--- SOURCE INFORMATION Enclosed Below ---

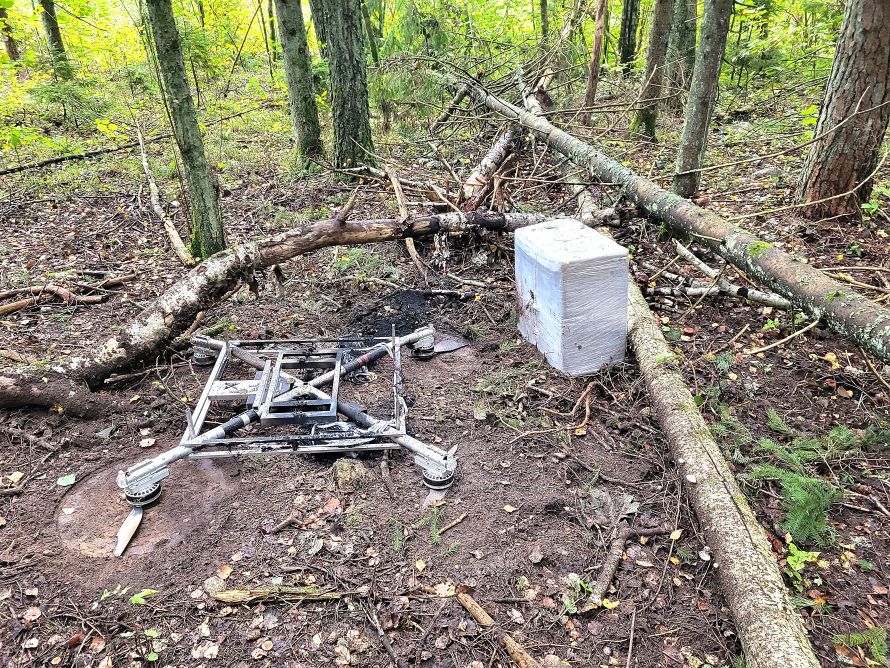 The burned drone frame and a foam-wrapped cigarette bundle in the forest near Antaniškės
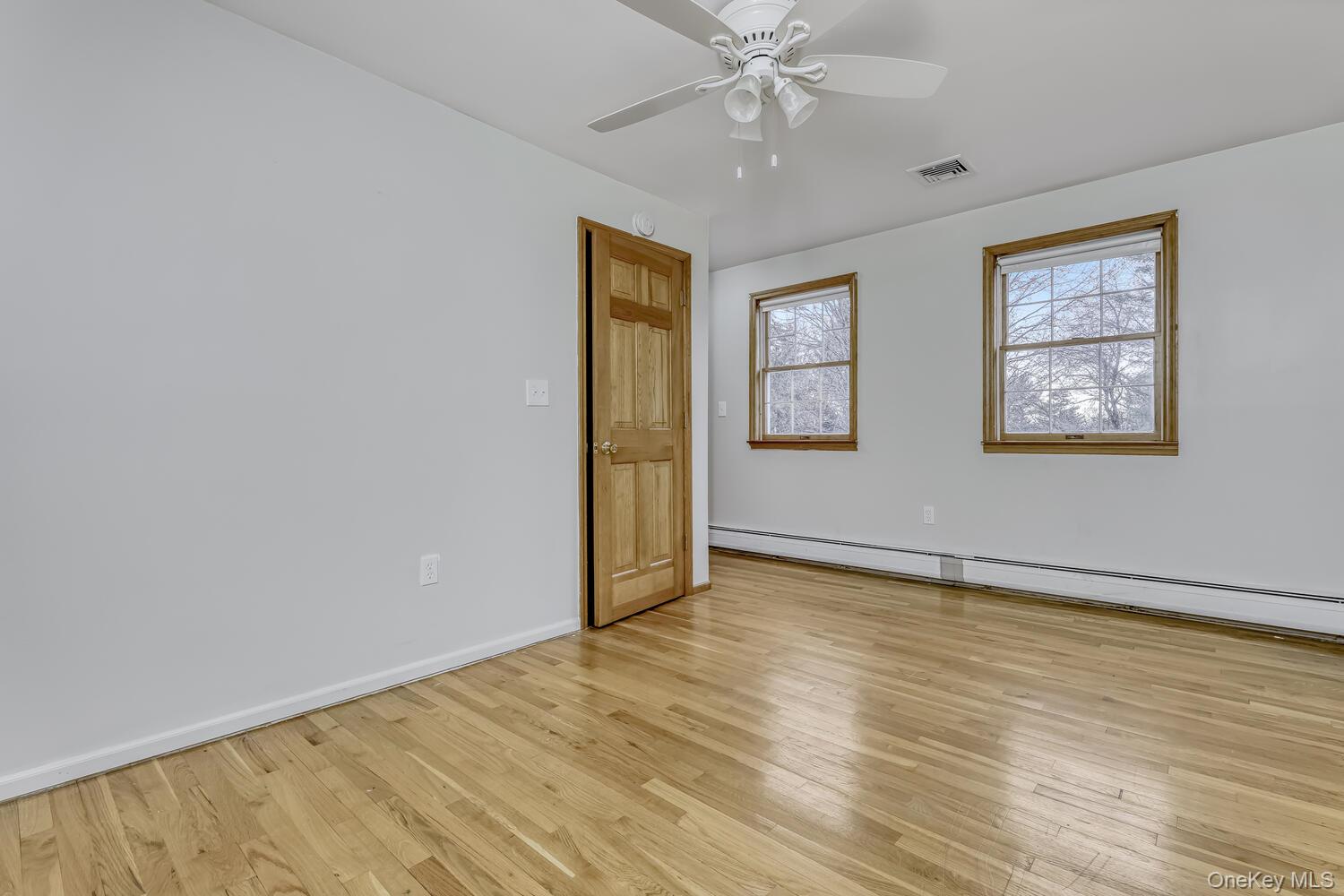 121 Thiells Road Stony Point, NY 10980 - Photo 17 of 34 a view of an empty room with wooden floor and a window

--- End of Enclosed SOURCE INFORMATION ---
--- SOURCE INFORMATION Enclosed Below ---

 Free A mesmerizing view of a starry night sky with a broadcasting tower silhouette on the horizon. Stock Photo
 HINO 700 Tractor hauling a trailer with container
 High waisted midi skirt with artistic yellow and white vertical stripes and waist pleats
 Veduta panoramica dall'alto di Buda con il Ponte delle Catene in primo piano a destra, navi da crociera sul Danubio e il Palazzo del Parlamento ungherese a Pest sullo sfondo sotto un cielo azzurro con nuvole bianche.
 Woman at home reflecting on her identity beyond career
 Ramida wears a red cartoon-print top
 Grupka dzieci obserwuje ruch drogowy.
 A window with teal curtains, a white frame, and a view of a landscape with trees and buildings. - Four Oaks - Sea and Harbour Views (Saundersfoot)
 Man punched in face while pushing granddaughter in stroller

--- End of Enclosed SOURCE INFORMATION ---

### WHAT THE TASK REQUIRES:
The range runs from the line above containing "Grupka dzieci obserwuje ruch drogowy." to the line containing "Man punched in", inclusive. Restate those lines word for word and no others.

### RESPONSE AREA:
 Grupka dzieci obserwuje ruch drogowy.
 A window with teal curtains, a white frame, and a view of a landscape with trees and buildings. - Four Oaks - Sea and Harbour Views (Saundersfoot)
 Man punched in face while pushing granddaughter in stroller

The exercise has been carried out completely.